[Raw data]
┄┄┄┄┄┄┄┄┄┄┄┄┄┄┄┄┄┄┄┄

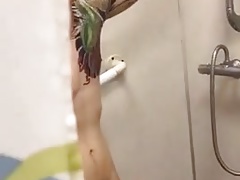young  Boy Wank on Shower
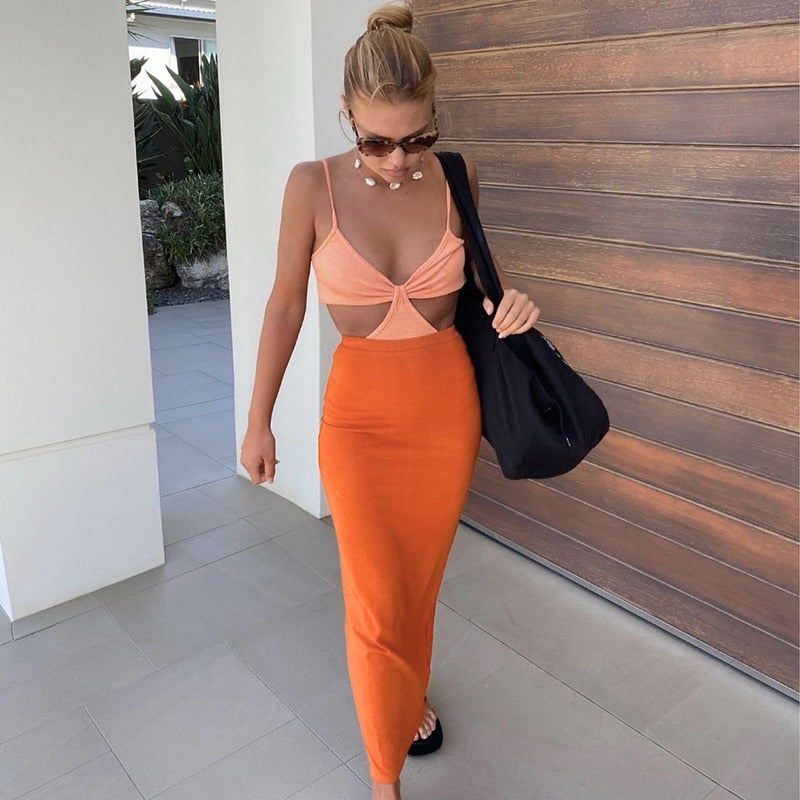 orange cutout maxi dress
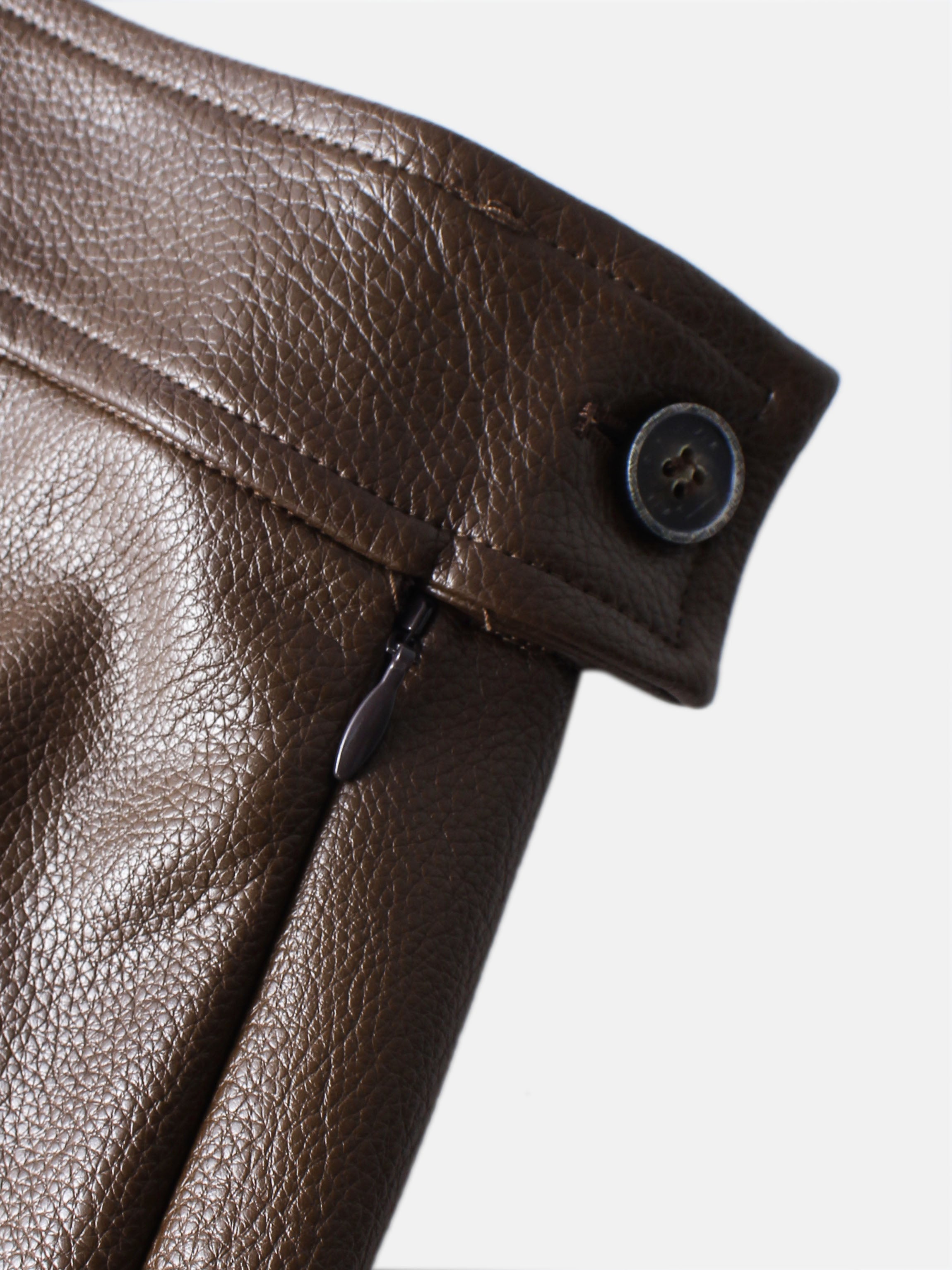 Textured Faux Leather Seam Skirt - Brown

┄┄┄┄┄┄┄┄┄┄┄┄┄┄┄┄┄┄┄┄

[Problem to solve]
In the copy, include exactly the lines from the one with "orange cutout maxi dress" through the final line of the data, both ends included, and no pictures.

[Reply to the task]
 orange cutout maxi dress
 Textured Faux Leather Seam Skirt - Brown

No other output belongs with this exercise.